On the whole, she says, they were willing to talk. "A lot of men go out for weeks by themselves," she says. "The women they are with don't speak English. They don't speak to Thai men and they get quite bored. They're also sexist which means they like explaining things to you because as a woman you're too stupid to understand."
Davidson, 37, and Sanchez Taylor would say they were studying tourism in general and then get around to the subject of sex. They would test out any of their findings by interviewing the other sides of the triangle - the prostitutes and pimps.
It was a perfect example of the methodology she had been struggling to teach her students - ethnographical research which relies on immersion in a particular community to gather qualitative rather than quantitative information. The two women conducted as many interviews as they could with as many different players and supplemented this with observations, questionnaires, Internet material from tourists, advertising materials from tour operators and archive research.
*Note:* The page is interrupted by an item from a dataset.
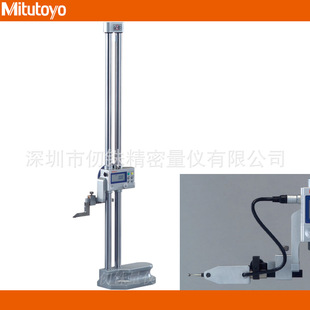 Mitutoyo 192-664-10 Metric and Inch Double Column Digital Display Height Ruler 0-600mm Original Point Set 192-672-10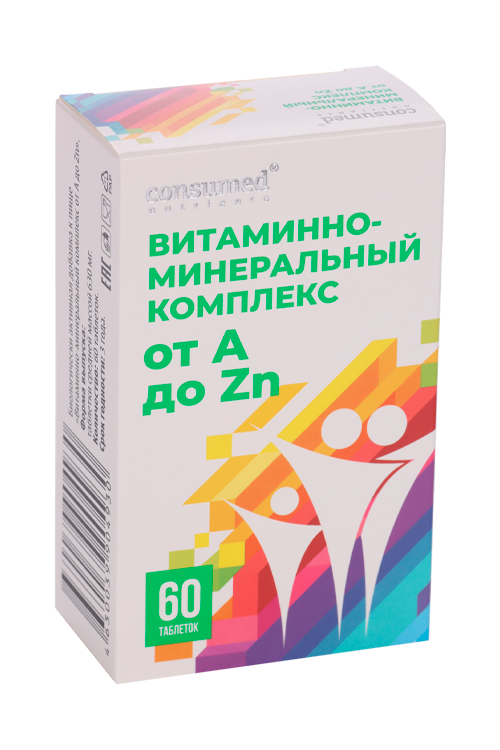 

Витаминно-минеральный компл Consumed от А до Zn, 60 шт, таблетки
The purpose was to draw up a profile of the kind of men who use children for sex for the organisation End Child Prostitution in Asian Tourism, which campaigns for legislation to stop the practice.
They used the United Nations definition of a child, which is anyone under 18. This showed how difficult it is to distinguish between all prostitute users and child prostitute users in particular, Davidson says. "Many are just ordinary heterosexual men who tell themselves the prostitutes are not children, or say it's different 'over there', or they grow up faster 'like tropical plants'. In most of the world the average age of prostitutes is very low anyway."
They found sex tourists represented a cross-section of society in terms of class, income levels and background and differed in how they saw prostitutes. In Cuba, for example, they found Jake, a 46-year-old Canadian diet and fitness writer, who believed sexual mores were different in the Third World, that the women and girls there saw sex as a good thing, a way of releasing tension and were "natural and in tune with their bodies". But they also found a 52-year-old Spanish widower, racked with guilt, blaming his use of prostitutes on "irresistible temptation".
For some, the fact that the prostitutes were children was irrelevant. They simply preferred a particular slim build which many underage prostitutes happened to fit. Others liked young children because the younger they were the more powerless they were and the less able to define sexual or financial limits. A further category believed, wrongly, that Third World children were less likely to be HIV positive.
Davidson says her work showed sex tourism involved many paedophiles and should put pressure on the tourist industry. "If you go to any of the main sex tourist sites, there isn't any other sort of tourism going on except sex tourism because you wouldn't take a child or a family there. Travel companies say they don't know it's going on but their brochures talk about 'exciting nightlife' and say they aren't family destinations."
Now a reader in sociology at Leicester, she is putting her findings together in a book,To Enter in These Bonds: On Prostitution, Power and Freedom. But she is also still teaching methodology. And she has foundherself inexorably drawn further into the sex business. Another of Desiree's receptionists arranged interviews with friends who had worked on the streets and in massage parlours in Britain.
Male students who have learned of her research interests have revealed their use of prostitutes and agreed to be interviewed. A confessed paedophile has written her letters about his sexual practices. This has allowed her to gather more information on the broader phenomenon of prostitution and prostitute use. It has taken her some way from her first published book - Privatisation and Employment Relations: The Case of the Water Industry.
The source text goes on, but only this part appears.